Abe e Obama a Pearl Harbor: rimpianto, ma niente scuse

I presidenti dei due Paesi, un tempo nemici, condannano odio e orrore della guerra

Abe e Obama a Pearl Harbor: rimpianto, ma niente scuse

Un incontro preparato da tempo, finalmente concretizzato. Il simbolo di una "riconciliazione" tra Paesi che durante la Seconda guerra mondiale furono nemici, e che ha avuto il suo culmine nell'omaggio congiunto dei presidenti di Giappone e Stati Uniti alle vittime dell'attacco su Pearl Harbor.

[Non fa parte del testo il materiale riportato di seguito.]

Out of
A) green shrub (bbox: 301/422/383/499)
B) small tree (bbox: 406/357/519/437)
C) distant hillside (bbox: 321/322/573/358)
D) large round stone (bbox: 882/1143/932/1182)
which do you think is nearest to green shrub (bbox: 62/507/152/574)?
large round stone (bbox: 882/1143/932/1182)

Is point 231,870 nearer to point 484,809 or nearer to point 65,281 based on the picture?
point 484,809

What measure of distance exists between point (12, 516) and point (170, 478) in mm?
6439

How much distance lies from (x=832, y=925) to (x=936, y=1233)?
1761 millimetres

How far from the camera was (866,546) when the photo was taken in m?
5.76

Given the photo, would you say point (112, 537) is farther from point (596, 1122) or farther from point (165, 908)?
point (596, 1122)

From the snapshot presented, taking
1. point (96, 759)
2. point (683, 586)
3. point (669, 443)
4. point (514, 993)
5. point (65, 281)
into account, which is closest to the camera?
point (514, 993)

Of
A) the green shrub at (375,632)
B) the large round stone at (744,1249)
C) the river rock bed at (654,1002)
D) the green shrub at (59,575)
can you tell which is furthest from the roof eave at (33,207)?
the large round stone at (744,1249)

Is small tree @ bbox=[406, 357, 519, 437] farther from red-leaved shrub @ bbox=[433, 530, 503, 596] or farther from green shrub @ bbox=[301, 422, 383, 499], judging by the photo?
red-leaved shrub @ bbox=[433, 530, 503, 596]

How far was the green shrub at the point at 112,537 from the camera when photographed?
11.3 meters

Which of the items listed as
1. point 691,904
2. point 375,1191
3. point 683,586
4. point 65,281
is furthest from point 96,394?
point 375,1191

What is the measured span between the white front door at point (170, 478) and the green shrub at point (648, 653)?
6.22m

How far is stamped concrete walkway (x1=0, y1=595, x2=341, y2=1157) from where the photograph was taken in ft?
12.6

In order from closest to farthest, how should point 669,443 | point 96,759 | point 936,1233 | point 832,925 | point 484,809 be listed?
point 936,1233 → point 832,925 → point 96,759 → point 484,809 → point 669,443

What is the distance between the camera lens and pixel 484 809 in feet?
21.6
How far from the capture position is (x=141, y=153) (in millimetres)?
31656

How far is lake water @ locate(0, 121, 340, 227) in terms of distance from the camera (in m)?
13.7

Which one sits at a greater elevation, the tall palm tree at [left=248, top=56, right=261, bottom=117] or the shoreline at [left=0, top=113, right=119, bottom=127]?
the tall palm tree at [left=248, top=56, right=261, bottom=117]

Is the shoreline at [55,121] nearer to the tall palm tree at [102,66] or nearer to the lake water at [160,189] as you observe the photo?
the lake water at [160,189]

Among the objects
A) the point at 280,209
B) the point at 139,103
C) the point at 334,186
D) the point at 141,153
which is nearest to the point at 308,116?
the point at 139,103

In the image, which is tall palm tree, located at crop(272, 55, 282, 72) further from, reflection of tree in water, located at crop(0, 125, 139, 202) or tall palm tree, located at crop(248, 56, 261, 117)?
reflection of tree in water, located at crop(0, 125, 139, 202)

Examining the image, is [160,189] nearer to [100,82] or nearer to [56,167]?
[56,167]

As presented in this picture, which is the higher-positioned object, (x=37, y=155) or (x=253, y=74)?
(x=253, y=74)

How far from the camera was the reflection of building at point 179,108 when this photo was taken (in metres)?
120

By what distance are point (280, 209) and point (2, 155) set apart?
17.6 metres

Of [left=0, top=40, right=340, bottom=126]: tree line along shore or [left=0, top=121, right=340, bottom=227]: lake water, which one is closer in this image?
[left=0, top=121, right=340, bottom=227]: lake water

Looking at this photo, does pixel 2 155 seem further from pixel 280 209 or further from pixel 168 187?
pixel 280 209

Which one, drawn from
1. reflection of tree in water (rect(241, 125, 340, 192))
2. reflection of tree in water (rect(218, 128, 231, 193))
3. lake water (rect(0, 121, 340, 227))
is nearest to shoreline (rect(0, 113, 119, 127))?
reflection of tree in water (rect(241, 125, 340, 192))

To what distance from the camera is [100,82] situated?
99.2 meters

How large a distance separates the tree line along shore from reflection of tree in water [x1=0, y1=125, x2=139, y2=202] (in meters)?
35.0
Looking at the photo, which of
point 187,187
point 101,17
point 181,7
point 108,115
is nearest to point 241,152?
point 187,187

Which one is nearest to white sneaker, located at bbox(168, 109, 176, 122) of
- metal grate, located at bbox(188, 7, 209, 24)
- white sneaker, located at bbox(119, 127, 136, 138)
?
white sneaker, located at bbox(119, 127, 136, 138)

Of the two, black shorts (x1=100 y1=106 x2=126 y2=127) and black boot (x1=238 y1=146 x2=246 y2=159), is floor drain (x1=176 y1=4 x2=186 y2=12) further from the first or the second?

Shinzo Abe e Barack Obama ci sono andati insieme al luogo dove fu distrutta la flotta degli Stati Uniti nel Pacifico. Una commemorazione comune, per un'operazione in cui morirono 2.400 persone, e per ricordare non "l'odio che brucia di più", ma il superamento del dolore e dell'inimicizia.

"Quando il richiamo al tribalismo è più forte, dobbiamo resistere alla spinta a rinchiuderci, a demonizzare chi è differente", ha detto a Pearl Harbor Barack Obama, in un discorso che è sembrato rivolto anche al nuovo presidente americano.

"Noi non dobbiamo più ripetere gli orrori della guerra: questo è il solenne impegno che noi giapponesi abbiamo preso", ha aggiunto Shinzo Abe, che ha rivolte le sue condoglianze alle famiglie delle vittime di quell'attacco del 7 dicembre 1941, ma che, come era già previsto, non ha presentato le scuse del suo Paese.

E d'altronde neppure Obama lo aveva fatto a Hiroshima.

Un atteggiamento che nei giorni scorsi aveva portato a commenti inclementi in Cina, con Pechino che accusava Abe di "revisionismo", pretendendo le scuse per "i crimini commessi dal Giappone durante la guerra".